If Russia was hoping to punctuate its foreign policy victory over the US in hosting Edward Snowden and being on the list of his asylum applicants with the overnight launch of a unmanned Proton-M rocket, carrying some $200 million worth of navigation satellites, those hopes literally went up in flames when 17 seconds into the take off, an emergency switch-off of the engines led to a spectacular explosion, and sent the rocket plummeting to earth. End result: a massive blow up caught on live TV, hundreds of millions in equipment lost and 172 metric tons of highly toxic heptyl propellant raining on the ground for miles around the crash.
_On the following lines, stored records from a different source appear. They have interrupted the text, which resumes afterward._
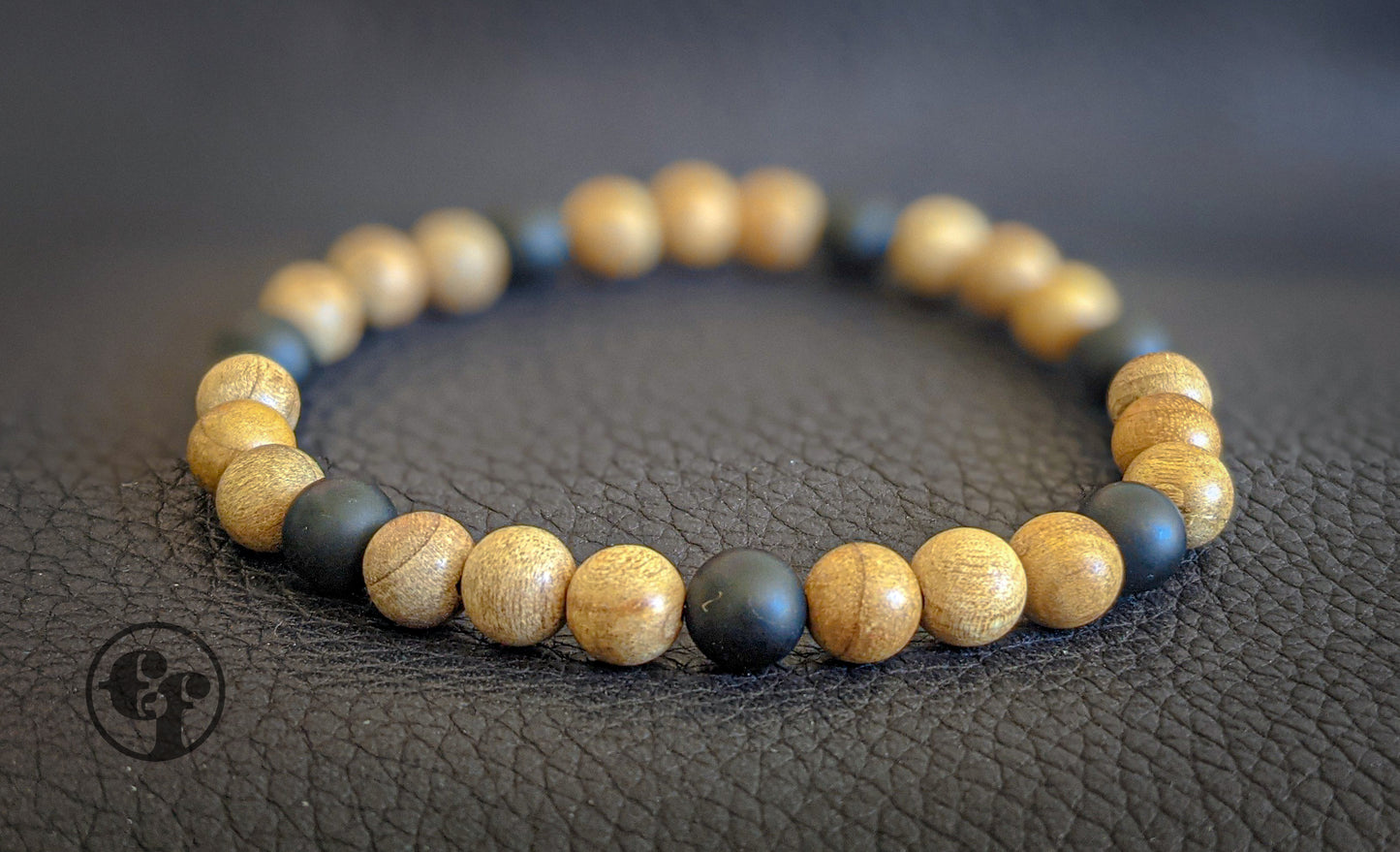 6MM Black Hematite | Sandalwood | Bead Bracelet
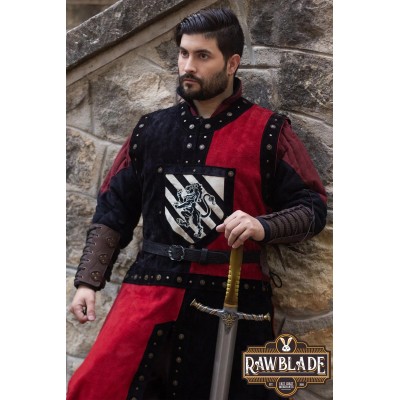 Skórzany tabard Mordred - czarny/czerwony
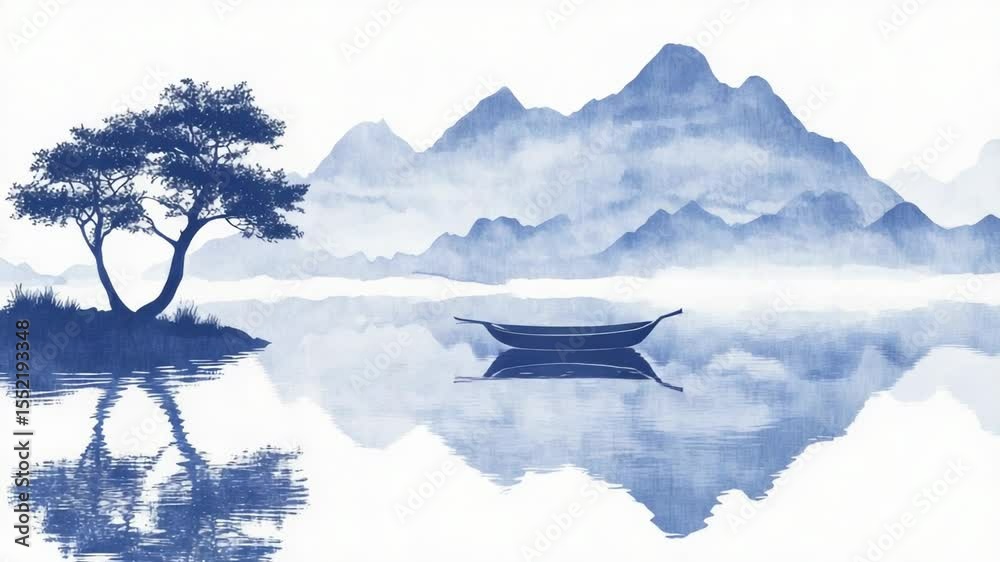 Poster a boat floats on the surface of a calm lake, accompanied by a towering tree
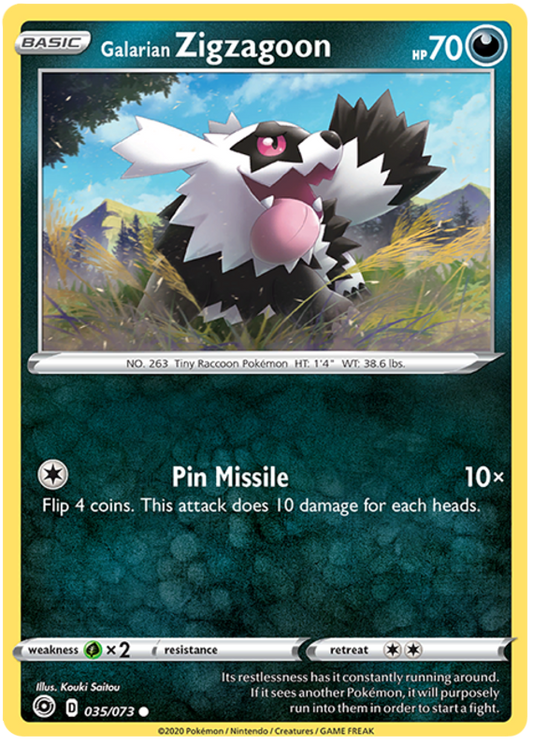 Sword and Shield Champion's Path 35  Galarian Zigzagoon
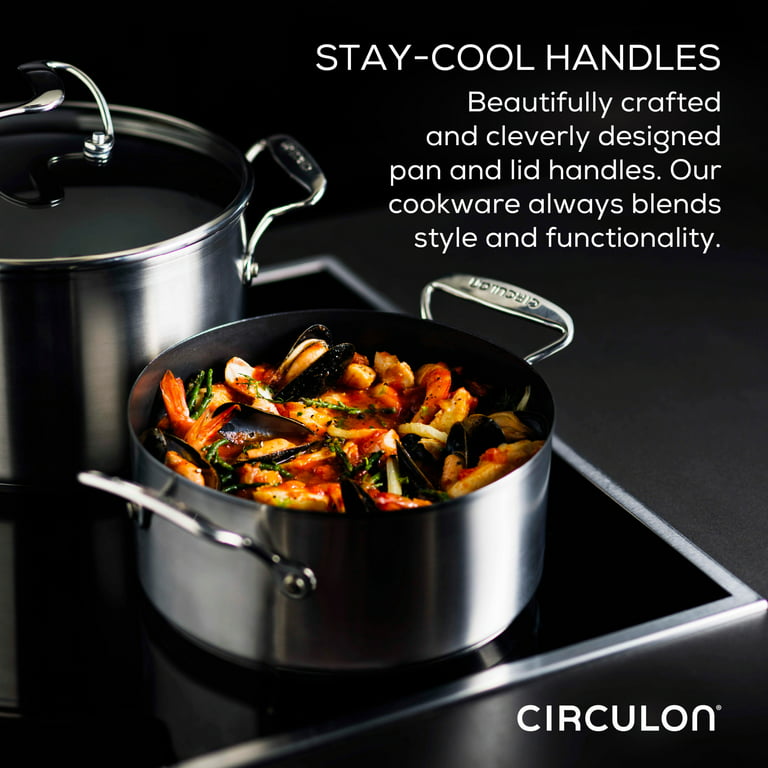 Circulon 4Qt Stainless Steel Saucepan with Lid and SteelShield Hybrid  Stainless and Nonstick Technology, Silver 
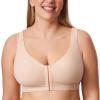 DELIMIRA Women's Inbarely Plus Front Closure Bras Posture Wireless Full Coverage Plus Size Unlined Bra Beige 36D view 2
A Russian rocket carrying three navigation satellites worth around $200 million crashed shortly after lift-off from the Russian-leased Baikonur launch facility in Kazakhstan on Tuesday after its engines suddenly switched off. The accident led to a large spill of heptyl, a highly toxic rocket propellant, but there were no reports of casualties or of any immediate threat to nearby settlements.
State-run Rossiya-24 television showed footage of the Proton-M booster rocket veering off course seconds after lift-off. It fell apart in flames in the air and crashed in a ball of fire near the launch pad.
Interfax news agency quoted an unnamed source as saying launch-pad personnel were in bunkers when the rocket lifted off.
Russia's space agency Roscosmos said the accident had been caused by the emergency switch-off of the rocket's engines 17 seconds into the flight. Russia's state-run RIA news agency said the switch-off could have been caused by a problem with the engine or the guidance system.
The rocket contained 172 metric tons (1 metric ton = 1.1023 tons) of highly toxic heptyl propellant, Kazakh Emergencies Minister Vladimir Bozhko told an emergency government meeting.
Talgat Musabayev, head of Kazakhstan's space agency Kazcosmos, said nitric oxide - a product of burning heptyl - was much less toxic for humans. He said it was raining in the area, so toxic clouds would probably not reach the town of Baikonur some 60 km (38 miles) away.
However, the authorities instructed locals to stay at home and not to open windows, and ordered to close shops and public catering, said Kazakh Interior Minister Kalmukhambet Kasymov.
The estimated loss from the three satellites, meant for Russia's troubled Glonass satellite navigation system, was about $200 million, Rossiya-24 reported.